Filed by Finward Bancorp
Pursuant to Rule 425 under the Securities Act of 1933
Subject Company: Finward Bancorp
Commission File No. 000-26128

This filing relates to the proposed merger transaction between Finward Bancorp (“Finward”) and Royal Financial, Inc. (“RYFL”) pursuant to the terms of an Agreement and Plan of Merger dated as of July 28, 2021 (the “Merger Agreement”) between Finward and RYFL.  The Merger Agreement is on file with the Securities and Exchange Commission (“SEC”) as Exhibit 2.1 to the Current Report on Form 8-K filed by Finward with the SEC on July 29, 2021.

Set forth below is an email from Karen K. Myers, the Senior Human Resources Partner of Finward, which was delivered to the participants in the Peoples Bank Employees’ Savings & Profit Sharing Plan, in connection with the proposed merger transaction between Finward and RYFL.
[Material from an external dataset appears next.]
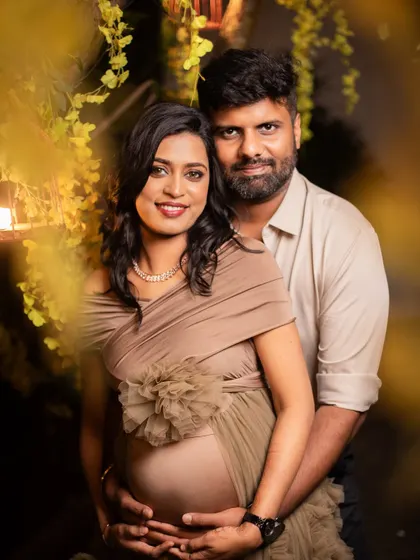 A cozy and intimate couple's portrait, with the warm lighting of the garden creating a romantic and gentle mood.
Additional Information for Shareholders

In connection with the proposed merger with RYFL, Finward has filed with the SEC a Registration Statement on Form S-4 that includes a Joint Proxy Statement of RYFL and Finward, as well as a Prospectus of Finward (the “Joint Proxy Statement/Prospectus”), as well as other relevant documents concerning the proposed transaction.  Finward and RYFL have mailed the definitive Joint Proxy Statement/Prospectus to shareholders of Finward and RYFL (which mailings were first made on or about November 8, 2021).  SHAREHOLDERS AND INVESTORS ARE URGED TO READ THE REGISTRATION STATEMENT AND THE JOINT PROXY STATEMENT/ PROSPECTUS REGARDING THE MERGER AND ANY OTHER RELEVANT DOCUMENTS FILED WITH THE SEC, AS WELL AS ANY AMENDMENTS OR SUPPLEMENTS TO THOSE DOCUMENTS, BECAUSE THEY CONTAIN IMPORTANT INFORMATION.

The Joint Proxy Statement/Prospectus and other relevant materials, and any other documents Finward has filed with the SEC, may be obtained free of charge at the SEC’s website at www.sec.gov.  In addition, investors and security holders may obtain copies of the documents Finward has filed with the SEC, free of charge, from Finward at www.ibankpeoples.com under the tab “Investor Relations – SEC Filings.”  Alternatively, these documents can be obtained free of charge from Finward upon written request to Finward Bancorp, Attn: Shareholder Services, 9204 Columbia Avenue, Munster, Indiana 46321, or by calling (219) 836-4400, and from RYFL upon written request to Royal Financial, Inc., Attn: Corporate Secretary, 9226 Commercial Avenue, Chicago, Illinois 60617, or by calling (773) 768-4800.  The information available through Finward’s website is not and shall not be deemed part of this document or incorporated by reference into other filings Finward makes with the SEC.

Finward, RYFL, and certain of their respective directors and executive officers may be deemed to be participants in the solicitation of proxies from the stockholders of Finward and RYFL in connection with the proposed merger.  Information about the directors and executive officers of Finward is set forth in Finward’s Annual Report on Form 10-K filed with the SEC on March 22, 2021, and in the proxy statement for Finward’s 2021 annual meeting of shareholders, as filed with the SEC on Schedule 14A on March 31, 2021.  Additional information regarding the interests of these participants and any other persons who may be deemed participants in the transaction may be obtained by reading the Joint Proxy Statement/Prospectus regarding the proposed merger.  Free copies of this document may be obtained as described in the preceding paragraph.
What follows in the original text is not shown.